Set down, character for character, everything in the records below from the line holding "Replica mummified head" down to the line holding "Raspberry Cheesecake Slice", and no other line.

▶ [Exercise data]
┄┄┄┄┄┄

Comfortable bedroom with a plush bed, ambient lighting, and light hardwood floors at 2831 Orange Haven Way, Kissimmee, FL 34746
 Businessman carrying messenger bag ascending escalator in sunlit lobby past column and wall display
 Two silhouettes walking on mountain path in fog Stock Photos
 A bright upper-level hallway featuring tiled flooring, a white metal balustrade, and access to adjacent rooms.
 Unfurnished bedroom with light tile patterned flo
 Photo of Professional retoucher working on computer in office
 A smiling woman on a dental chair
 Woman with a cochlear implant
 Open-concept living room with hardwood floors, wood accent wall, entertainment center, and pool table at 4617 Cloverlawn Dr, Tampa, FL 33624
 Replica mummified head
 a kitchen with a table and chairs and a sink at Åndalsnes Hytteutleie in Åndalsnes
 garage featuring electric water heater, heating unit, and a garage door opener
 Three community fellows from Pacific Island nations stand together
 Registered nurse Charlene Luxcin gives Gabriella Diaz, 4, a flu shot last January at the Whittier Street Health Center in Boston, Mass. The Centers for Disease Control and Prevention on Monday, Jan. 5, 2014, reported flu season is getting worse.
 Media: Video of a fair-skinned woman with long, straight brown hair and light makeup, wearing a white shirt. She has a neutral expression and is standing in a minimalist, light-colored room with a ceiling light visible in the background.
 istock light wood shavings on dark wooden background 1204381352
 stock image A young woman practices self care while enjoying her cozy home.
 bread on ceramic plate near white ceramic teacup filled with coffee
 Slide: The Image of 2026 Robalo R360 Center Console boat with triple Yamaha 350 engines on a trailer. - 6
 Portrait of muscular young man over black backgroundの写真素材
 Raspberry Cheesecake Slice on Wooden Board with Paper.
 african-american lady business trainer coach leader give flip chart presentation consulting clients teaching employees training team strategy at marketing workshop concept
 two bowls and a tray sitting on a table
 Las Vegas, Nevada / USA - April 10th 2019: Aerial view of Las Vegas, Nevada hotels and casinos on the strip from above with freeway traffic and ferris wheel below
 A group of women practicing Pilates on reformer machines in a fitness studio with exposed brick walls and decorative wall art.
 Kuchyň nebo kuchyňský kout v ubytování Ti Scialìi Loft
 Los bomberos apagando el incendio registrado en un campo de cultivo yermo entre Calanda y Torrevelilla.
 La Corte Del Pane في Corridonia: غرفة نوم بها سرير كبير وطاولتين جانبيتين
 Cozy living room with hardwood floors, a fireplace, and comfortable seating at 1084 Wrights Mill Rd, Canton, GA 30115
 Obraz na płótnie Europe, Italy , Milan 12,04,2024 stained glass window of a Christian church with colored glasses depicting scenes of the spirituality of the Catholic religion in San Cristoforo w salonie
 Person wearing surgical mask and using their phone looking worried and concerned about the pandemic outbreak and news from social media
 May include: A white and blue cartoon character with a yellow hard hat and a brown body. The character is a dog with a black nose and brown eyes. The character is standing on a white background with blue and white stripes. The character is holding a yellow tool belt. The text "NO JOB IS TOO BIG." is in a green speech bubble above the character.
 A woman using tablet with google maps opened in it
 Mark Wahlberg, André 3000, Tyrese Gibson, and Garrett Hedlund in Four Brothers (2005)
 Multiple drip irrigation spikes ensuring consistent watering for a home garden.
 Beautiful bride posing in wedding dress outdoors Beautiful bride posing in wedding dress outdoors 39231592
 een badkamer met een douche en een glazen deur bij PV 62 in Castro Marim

┄┄┄┄┄┄

▶ [Solution to this problem]
 Replica mummified head
 a kitchen with a table and chairs and a sink at Åndalsnes Hytteutleie in Åndalsnes
 garage featuring electric water heater, heating unit, and a garage door opener
 Three community fellows from Pacific Island nations stand together
 Registered nurse Charlene Luxcin gives Gabriella Diaz, 4, a flu shot last January at the Whittier Street Health Center in Boston, Mass. The Centers for Disease Control and Prevention on Monday, Jan. 5, 2014, reported flu season is getting worse.
 Media: Video of a fair-skinned woman with long, straight brown hair and light makeup, wearing a white shirt. She has a neutral expression and is standing in a minimalist, light-colored room with a ceiling light visible in the background.
 istock light wood shavings on dark wooden background 1204381352
 stock image A young woman practices self care while enjoying her cozy home.
 bread on ceramic plate near white ceramic teacup filled with coffee
 Slide: The Image of 2026 Robalo R360 Center Console boat with triple Yamaha 350 engines on a trailer. - 6
 Portrait of muscular young man over black backgroundの写真素材
 Raspberry Cheesecake Slice on Wooden Board with Paper.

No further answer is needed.